What are your views on the current upswing in the steel industry? How long is the buoyancy expected to last and what will be the drivers for the same?
One has to look at the current upswing in the steel industry at two levels; world level and domestic level. The global upswing has been led by the growth in Chinese economy and the domestic demand has been buoyed by the growth in industrial and infrastructure spending. It is not necessary that both will move in the same direction and at the same speed. With the Chinese Government trying to apply brakes on the planned humongous expansions, the country?s steel demand is expected to slow down thereby stabilizing the world steel industry. This will lend much needed stability to erratic world market, where prices and availability of raw materials and steel have become dependent on activities in China.
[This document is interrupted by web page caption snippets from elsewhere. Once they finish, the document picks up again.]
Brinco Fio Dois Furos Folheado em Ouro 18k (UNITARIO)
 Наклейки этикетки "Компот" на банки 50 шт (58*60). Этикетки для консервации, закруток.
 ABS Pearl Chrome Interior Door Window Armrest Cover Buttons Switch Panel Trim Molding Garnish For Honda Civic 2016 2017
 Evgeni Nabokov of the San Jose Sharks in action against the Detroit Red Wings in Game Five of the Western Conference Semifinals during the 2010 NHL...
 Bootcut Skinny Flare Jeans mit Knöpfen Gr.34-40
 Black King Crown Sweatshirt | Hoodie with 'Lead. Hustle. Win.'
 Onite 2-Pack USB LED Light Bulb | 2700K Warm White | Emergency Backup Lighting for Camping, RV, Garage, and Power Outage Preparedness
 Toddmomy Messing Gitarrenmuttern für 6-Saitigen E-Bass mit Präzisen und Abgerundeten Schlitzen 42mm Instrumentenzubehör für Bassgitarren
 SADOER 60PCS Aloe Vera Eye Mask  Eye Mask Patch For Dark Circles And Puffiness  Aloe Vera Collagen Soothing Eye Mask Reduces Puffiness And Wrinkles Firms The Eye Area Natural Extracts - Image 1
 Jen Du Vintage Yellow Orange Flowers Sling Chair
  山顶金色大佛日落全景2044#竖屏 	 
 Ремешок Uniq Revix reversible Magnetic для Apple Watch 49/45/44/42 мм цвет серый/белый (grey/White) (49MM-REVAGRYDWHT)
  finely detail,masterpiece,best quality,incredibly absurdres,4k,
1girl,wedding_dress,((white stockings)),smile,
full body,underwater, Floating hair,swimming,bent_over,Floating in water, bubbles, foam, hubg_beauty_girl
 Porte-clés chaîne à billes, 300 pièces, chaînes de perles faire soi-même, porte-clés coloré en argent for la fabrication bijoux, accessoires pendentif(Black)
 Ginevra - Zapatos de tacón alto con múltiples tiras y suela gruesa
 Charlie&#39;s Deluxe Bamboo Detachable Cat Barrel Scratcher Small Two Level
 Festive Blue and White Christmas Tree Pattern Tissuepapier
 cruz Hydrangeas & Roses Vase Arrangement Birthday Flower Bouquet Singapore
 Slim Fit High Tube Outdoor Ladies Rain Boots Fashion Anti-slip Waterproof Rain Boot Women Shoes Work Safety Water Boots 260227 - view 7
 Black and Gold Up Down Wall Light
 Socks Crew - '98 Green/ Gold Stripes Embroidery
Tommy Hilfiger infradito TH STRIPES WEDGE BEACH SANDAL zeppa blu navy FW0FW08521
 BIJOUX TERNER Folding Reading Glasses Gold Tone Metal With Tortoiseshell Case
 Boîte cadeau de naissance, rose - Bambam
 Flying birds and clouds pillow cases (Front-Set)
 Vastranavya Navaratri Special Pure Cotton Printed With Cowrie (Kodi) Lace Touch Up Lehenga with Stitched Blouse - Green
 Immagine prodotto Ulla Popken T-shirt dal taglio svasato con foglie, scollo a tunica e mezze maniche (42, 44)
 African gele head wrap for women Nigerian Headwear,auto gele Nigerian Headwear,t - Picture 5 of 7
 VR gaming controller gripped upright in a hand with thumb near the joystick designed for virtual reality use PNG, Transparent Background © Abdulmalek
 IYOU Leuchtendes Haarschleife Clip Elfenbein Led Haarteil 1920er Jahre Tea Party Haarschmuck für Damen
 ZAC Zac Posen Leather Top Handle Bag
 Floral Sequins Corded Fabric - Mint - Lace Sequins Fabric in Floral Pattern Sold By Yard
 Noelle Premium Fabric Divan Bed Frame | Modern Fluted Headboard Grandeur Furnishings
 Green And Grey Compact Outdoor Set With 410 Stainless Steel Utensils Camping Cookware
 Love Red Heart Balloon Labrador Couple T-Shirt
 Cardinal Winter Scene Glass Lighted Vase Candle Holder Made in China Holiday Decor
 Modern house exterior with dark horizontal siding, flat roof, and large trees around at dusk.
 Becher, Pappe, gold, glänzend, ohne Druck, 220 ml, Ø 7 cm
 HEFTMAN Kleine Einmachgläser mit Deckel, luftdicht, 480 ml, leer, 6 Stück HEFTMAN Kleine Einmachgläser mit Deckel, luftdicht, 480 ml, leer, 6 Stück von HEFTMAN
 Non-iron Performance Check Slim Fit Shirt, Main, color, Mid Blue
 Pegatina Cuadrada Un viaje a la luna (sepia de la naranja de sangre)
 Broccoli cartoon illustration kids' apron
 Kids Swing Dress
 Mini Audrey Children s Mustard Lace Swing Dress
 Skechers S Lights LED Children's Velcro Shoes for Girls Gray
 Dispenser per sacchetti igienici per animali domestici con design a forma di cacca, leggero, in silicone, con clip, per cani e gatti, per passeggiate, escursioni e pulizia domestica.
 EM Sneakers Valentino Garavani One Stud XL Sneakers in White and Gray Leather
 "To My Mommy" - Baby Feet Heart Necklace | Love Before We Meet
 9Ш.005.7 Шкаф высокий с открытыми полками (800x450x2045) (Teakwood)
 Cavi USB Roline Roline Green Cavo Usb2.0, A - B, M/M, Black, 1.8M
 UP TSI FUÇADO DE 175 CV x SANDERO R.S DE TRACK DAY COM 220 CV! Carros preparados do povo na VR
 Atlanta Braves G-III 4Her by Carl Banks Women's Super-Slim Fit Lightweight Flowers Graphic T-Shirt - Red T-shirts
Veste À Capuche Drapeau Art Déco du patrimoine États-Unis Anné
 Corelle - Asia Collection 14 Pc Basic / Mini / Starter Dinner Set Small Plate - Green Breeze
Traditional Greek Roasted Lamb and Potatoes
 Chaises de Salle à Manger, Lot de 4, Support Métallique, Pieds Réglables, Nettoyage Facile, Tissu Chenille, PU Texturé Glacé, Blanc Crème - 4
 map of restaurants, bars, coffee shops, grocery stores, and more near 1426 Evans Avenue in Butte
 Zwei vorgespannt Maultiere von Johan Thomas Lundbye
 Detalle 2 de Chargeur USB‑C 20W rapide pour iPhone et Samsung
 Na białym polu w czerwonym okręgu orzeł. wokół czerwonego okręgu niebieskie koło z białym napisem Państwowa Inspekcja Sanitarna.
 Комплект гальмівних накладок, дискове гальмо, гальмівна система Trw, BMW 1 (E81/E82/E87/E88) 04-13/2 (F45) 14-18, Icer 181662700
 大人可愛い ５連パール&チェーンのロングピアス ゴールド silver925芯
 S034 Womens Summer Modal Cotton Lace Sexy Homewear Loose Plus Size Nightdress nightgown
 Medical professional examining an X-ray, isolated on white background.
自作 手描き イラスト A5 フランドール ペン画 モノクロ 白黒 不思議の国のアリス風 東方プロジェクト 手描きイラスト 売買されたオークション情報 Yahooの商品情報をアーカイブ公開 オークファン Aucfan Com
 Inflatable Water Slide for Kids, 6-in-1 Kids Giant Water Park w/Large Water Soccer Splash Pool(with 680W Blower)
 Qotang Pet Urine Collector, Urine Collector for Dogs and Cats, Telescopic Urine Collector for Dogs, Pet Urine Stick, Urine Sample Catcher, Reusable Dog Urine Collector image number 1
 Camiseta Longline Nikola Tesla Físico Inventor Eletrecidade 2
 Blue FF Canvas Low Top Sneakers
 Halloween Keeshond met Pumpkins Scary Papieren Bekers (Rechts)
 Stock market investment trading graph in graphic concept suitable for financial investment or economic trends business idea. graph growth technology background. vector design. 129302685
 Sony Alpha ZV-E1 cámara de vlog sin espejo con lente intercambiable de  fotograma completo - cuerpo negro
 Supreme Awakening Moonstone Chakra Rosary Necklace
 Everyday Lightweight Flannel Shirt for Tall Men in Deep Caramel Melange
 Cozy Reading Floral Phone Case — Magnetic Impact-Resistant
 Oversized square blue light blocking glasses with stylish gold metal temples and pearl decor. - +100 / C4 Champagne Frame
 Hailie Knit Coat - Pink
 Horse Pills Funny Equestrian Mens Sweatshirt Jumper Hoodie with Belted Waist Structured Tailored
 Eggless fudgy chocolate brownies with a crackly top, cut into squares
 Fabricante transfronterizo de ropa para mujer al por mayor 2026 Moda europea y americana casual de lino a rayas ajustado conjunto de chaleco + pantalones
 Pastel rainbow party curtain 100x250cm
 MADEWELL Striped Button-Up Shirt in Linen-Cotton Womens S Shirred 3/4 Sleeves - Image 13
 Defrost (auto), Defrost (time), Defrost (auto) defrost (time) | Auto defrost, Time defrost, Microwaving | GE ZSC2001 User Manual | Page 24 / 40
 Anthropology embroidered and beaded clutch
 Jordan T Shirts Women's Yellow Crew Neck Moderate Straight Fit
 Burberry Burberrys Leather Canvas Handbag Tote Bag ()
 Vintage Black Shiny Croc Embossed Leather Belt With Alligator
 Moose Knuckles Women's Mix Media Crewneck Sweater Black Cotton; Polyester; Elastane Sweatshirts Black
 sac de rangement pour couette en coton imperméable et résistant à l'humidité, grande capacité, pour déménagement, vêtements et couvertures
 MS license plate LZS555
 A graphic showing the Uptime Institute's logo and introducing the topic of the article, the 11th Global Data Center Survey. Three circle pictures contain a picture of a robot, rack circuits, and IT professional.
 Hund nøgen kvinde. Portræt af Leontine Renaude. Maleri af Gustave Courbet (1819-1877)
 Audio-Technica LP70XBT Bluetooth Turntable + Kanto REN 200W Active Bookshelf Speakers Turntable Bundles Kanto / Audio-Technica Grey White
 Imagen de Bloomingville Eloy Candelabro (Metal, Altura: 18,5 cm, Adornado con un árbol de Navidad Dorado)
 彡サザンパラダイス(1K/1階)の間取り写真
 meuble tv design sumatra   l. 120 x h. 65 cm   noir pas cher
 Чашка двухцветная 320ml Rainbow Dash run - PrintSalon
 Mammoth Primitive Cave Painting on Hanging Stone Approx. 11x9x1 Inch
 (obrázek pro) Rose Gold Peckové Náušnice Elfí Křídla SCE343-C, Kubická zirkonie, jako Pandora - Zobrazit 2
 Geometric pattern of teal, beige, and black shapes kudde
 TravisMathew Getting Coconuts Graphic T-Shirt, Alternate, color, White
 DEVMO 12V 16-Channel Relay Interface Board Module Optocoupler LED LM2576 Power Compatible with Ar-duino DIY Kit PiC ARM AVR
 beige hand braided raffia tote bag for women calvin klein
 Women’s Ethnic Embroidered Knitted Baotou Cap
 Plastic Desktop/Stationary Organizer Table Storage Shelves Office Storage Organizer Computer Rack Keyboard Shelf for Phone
As far as the Indian steel demand is concerned, it is expected to be robust with no immediate downturn in the short term. The new Government at the center has also expressed its thrust on infrastructure and one might expect higher allocation towards the same in the coming budget. Further, the domestic steel industry need not worry of dumping (imports) in case of excess capacity outside India, as we are one of the lowest cost steel producers globally and are further protected by import duty and higher freight cost.
Has the steel prices peaked out at the current levels or is there any further upside left? What will be the key determinants of the prices going ahead?
As the Chinese demand consolidates, the world prices are expected to stabilize or might even go down from current levels. In case of domestic prices, it is expected to remain firm with a low probability of moving higher. The continuance of the robust domestic demand will distort the correlation of the domestic prices with world prices.
What are your views on Government?s efforts to control the prices of steel?
There has been lot of noise from the Government lobby but no concrete steps have been taken to control the steel prices. The chances of Government going back to old days of commodity price control are very remote. It might tinker with the excise and custom duty.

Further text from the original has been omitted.